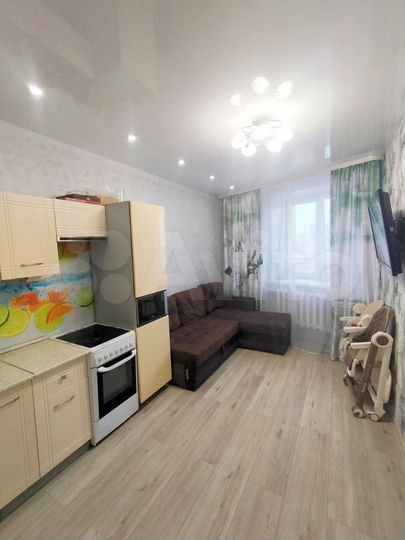 1-к. квартира, 42 м², 8/16 эт.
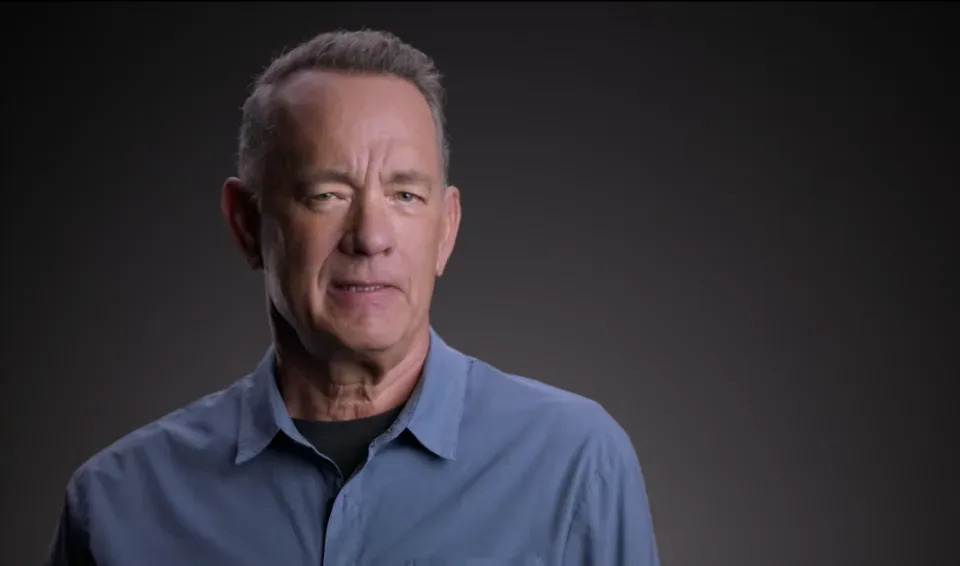 Tom Hanks hebt in einer neuen Werbekampagne für die Biden-Harris-Regierung die Widerstandsfähigkeit der USA hervor. (Bild: Biden Amtseinführungsausschuss)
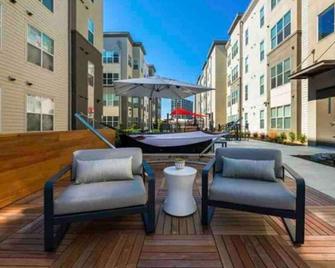 Vibrant 2-bedroom rental near SMU - Dallas - Patio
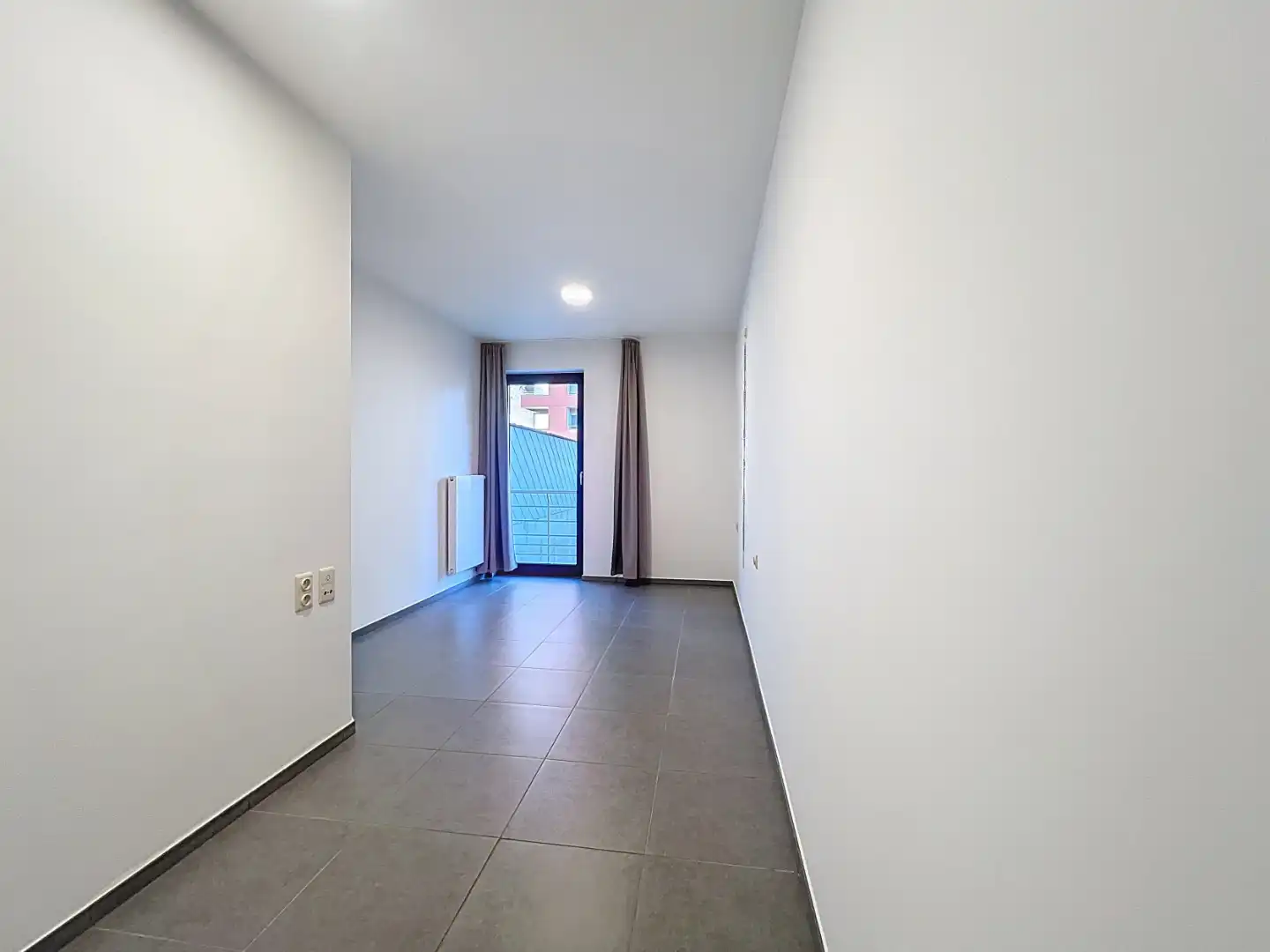 Instapklaar twee slaapkamer appartement op 500m van zee, EPC label B foto 5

------------------------------

:: WORK TO COMPLETE ::
Extract the run of lines from the line holding "Vibrant 2-bedroom rental" through the final line of the material above, exactly and inclusively. Leave the pictures behind.

:: YOUR SOLUTION ::
 Vibrant 2-bedroom rental near SMU - Dallas - Patio
 Instapklaar twee slaapkamer appartement op 500m van zee, EPC label B foto 5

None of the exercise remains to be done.